Não nos parece razoável a reserva de certo percentual de vagas nas universidades e nos concursos públicos, com base no critério da cor, como forma de permitir o acesso dos negros ao ensino superior e aos cargos públicos, como se eles fossem pessoas sem capacidade ou de cidadãos de segunda categoria. 16
Não se pode, sob pena de manifesta e afrontosa violação aos princípios da não discriminação e da igualdade previstos nos arts. 3º 5o da Constituição, tratar de forma desigual os estudantes e os trabalhadores negros - que têm, em igualdade de condições com todos os demais cidadãos, porque igualmente capazes, probos e dignos - o direito de acesso às vagas nas universidades e no serviço público.
Conclusão
Precisamos conscientizar e envolver toda a sociedade com a questão da discriminação para que todas as práticas discriminatórias sejam eliminadas.
Anota Otávio Brito Lopes, que "a discriminação no trabalho em razão do gênero, a discriminação racial é outro vírus que infecta o tecido social, e a cada dia que passa, vai merecendo das autoridades mundiais maior cuidado.
O trabalho em regime de cooperação entre a OIT e diversos órgãos governamentais brasileiros (Ministério Público do Trabalho, Ministério do Trabalho, Ministério da Justiça), no combate às práticas discriminatórias no emprego leva à constatação de várias formas de discriminação no trabalho, sendo mais comuns as seguintes hipóteses:
a) negros e mulheres têm o acesso dificultado a certos trabalhos que impliquem contato com o público, tais como caixa de banco, garçom, garçonete, relações públicas, etc;
b) os salários pagos aos negros e às mulheres são inferiores aos pagos aos seus colegas, com a mesma qualificação;
c) negros e mulheres costumam ser preteridos nas promoções no emprego;
d) em muitos casos a justificativa para a preterição das mulheres nas promoções é que seus colegas poderiam ter dificuldades em aceitar o comando feminino;
e) as mulheres estão sujeitas ao assédio sexual como instrumento de pressão no trabalho;
f) as mulheres são discriminadas com a demissão por motivo de gravidez, a exigência de atestado de esterilização e não gravidez no ato admissional". 17
Esse triste quadro mostra que o problema da discriminação infelizmente ainda é grave e que a solução não é tarefa das mais simples
É preciso um engajamento de toda a sociedade.
É indispensável a busca da igualdade material, tão almejada pelo cidadão, especialmente aquele desafortunado que é a maior vítima das práticas discriminatórias.

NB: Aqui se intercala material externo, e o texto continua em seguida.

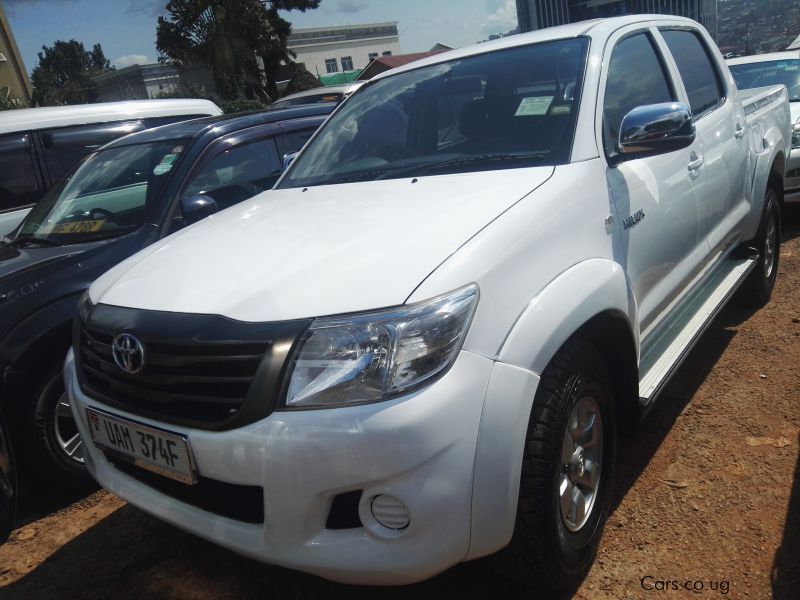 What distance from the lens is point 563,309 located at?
1932 mm

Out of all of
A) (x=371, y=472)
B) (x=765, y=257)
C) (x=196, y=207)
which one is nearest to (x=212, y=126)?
(x=196, y=207)

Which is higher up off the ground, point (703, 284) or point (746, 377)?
point (703, 284)

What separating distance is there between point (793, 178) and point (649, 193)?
445 cm

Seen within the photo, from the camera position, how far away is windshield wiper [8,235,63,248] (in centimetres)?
373

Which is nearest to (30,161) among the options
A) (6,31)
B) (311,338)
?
(311,338)

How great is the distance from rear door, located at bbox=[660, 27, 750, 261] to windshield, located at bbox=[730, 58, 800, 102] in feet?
14.9

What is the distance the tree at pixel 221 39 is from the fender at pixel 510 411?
32416 millimetres

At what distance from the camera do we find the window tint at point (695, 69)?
11.3ft

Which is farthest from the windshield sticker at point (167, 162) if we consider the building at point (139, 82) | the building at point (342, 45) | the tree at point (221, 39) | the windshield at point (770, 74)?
the building at point (342, 45)

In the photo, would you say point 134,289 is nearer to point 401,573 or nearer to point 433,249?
point 433,249

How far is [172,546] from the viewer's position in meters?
2.75

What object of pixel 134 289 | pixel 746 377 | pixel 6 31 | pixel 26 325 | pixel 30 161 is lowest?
pixel 746 377

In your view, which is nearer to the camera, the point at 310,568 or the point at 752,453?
the point at 310,568

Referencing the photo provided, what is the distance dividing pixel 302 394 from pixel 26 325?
1970mm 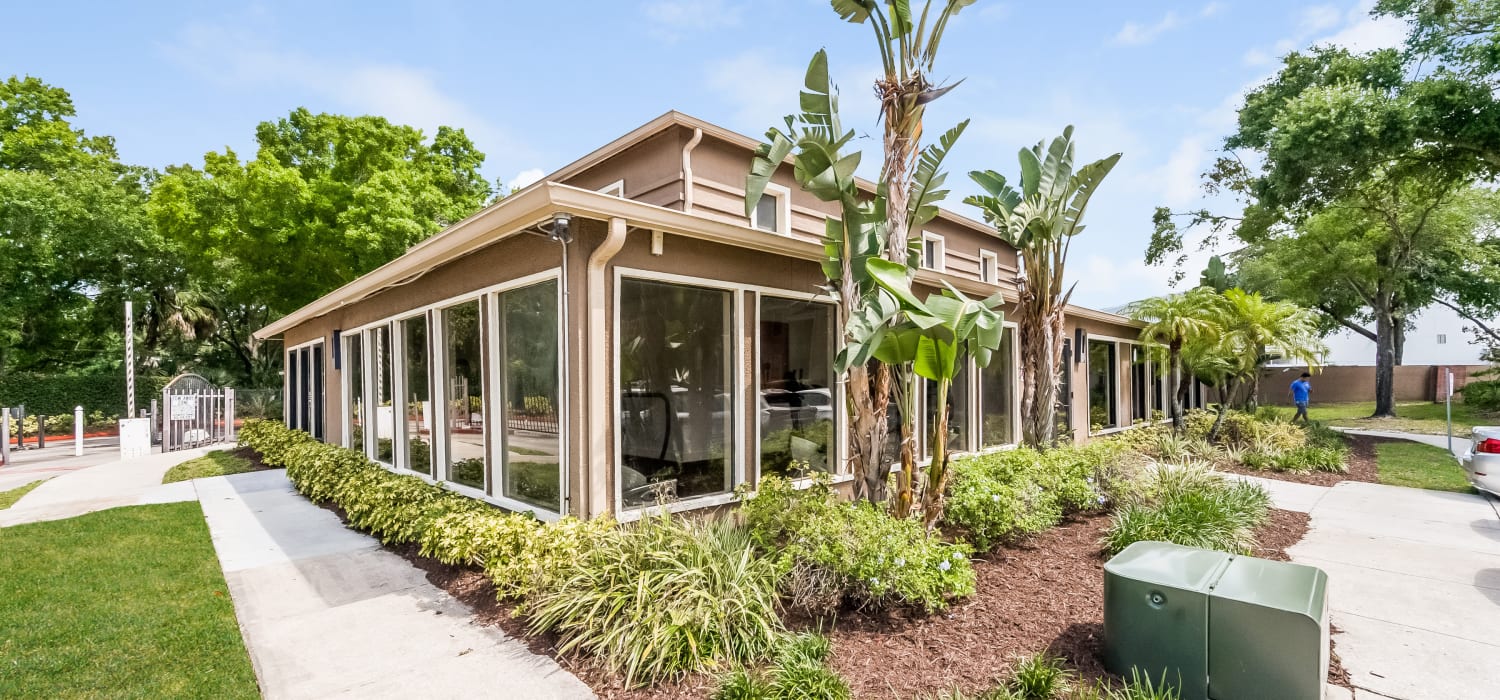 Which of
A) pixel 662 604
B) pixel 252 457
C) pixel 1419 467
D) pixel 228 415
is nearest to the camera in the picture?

Como afirma Ronald Dworkim ao tratar da questão da igualdade que o pressuposto da legitimidade do Estado de Direito depende de que as instituições demonstrem igual respeito e preocupação com todos os cidadãos. Como o maior ou menor bem-estar das pessoas depende em grande parte do conteúdo das leis, o Estado perderá legitimidade se o funcionamento destas leis não tiver a capacidade de demonstrar obediência ao requisito de tratamento igual a todos. E se as desigualdades não forem atenuadas, não se pode alegar que o Estado esteja cumprindo sua obrigação de assegurar o requisito da igualdade. 18
É esse o desafio que devemos enfrentar.